À Rennes, le procureur Nicolas Jacquet rejette tout laxisme et met en avant la création d’un groupe local de traitement de la délinquance dédié, en 2016, associé « à une politique pénale offensive ». Malgré cette réponse sévère (lire ci-contre), exceptionnelle pour la justice spécifique des mineurs (les mesures éducatives sont toujours privilégiées, conformément à la loi), le phénomène ne s’est pas résorbé. « On l’a cru il y a un an. Beaucoup sont partis. Mais d’autres ont pris leur place. On constate même qu’ils sont plus jeunes et plus violents », confesse le procureur rennais. Des interdictions de séjour ont été prononcées. « Cela a peut-être renforcé la diffusion du phénomène dans d’autres villes, notamment à Nantes et Brest », observe un officier de police. La trace de certains a été repérée à Saint-Brieuc, Quimper, Caen, Angers, Bordeaux… « Ils sont très mobiles et réactifs, commente un autre policier. Pendant l’été 2016, on les a retrouvés sur les plages de Saint-Malo (35), où ils volaient les sacs des baigneurs ».
Les inquiétants résultats d’une enquête
Le phénomène est-il plus étendu ? Quel est le profil de ces jeunes étrangers ? Des réseaux sont-ils à l’oeuvre ? Une enquête, initiée par le procureur de la République de Rennes, a bien été lancée en 2015. Ses résultats, que seule la direction départementale de la sécurité publique d’Ille-et-Vilaine a accepté de nous communiquer, auraient pourtant dû alerter à plus haut niveau. Fin décembre 2015, plus de 600 mineurs étrangers « posaient problème » dans le Grand Ouest. « Le phénomène est en augmentation à Rennes et Nantes, note Patrick Chaudet, le DDSP 35. Nous allons refaire un recensement ».

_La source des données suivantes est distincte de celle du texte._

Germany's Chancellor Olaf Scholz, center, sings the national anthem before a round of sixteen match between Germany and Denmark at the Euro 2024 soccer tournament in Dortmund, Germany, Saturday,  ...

Alors que l’enquête lancée en Ille-et-Vilaine n’a « pas établi l’existence d’un réseau criminel », à Nantes, la responsable du service mineurs du parquet, la vice-procureure Véronique Surel se dit persuadée du contraire. « Nous n’avons pas pu le prouver jusqu’à présent mais de nombreux indices vont pourtant dans ce sens. Ces enfants sont exploités, sommés de ramener de l’argent. Certains sont drogués, prostitués et violentés ». Ce sentiment qu’un réseau criminel est à l’oeuvre, partagé par le patron de la police bretillienne, change toute la donne. « Ces mineurs se retrouvent victimes et auteurs. Pour le moment, faute de moyens et d’informations, nous en sommes réduits à ne traiter que le premier volet… », se désole Véronique Surel, qui estime aussi que « la réponse ne peut pas être que judiciaire ».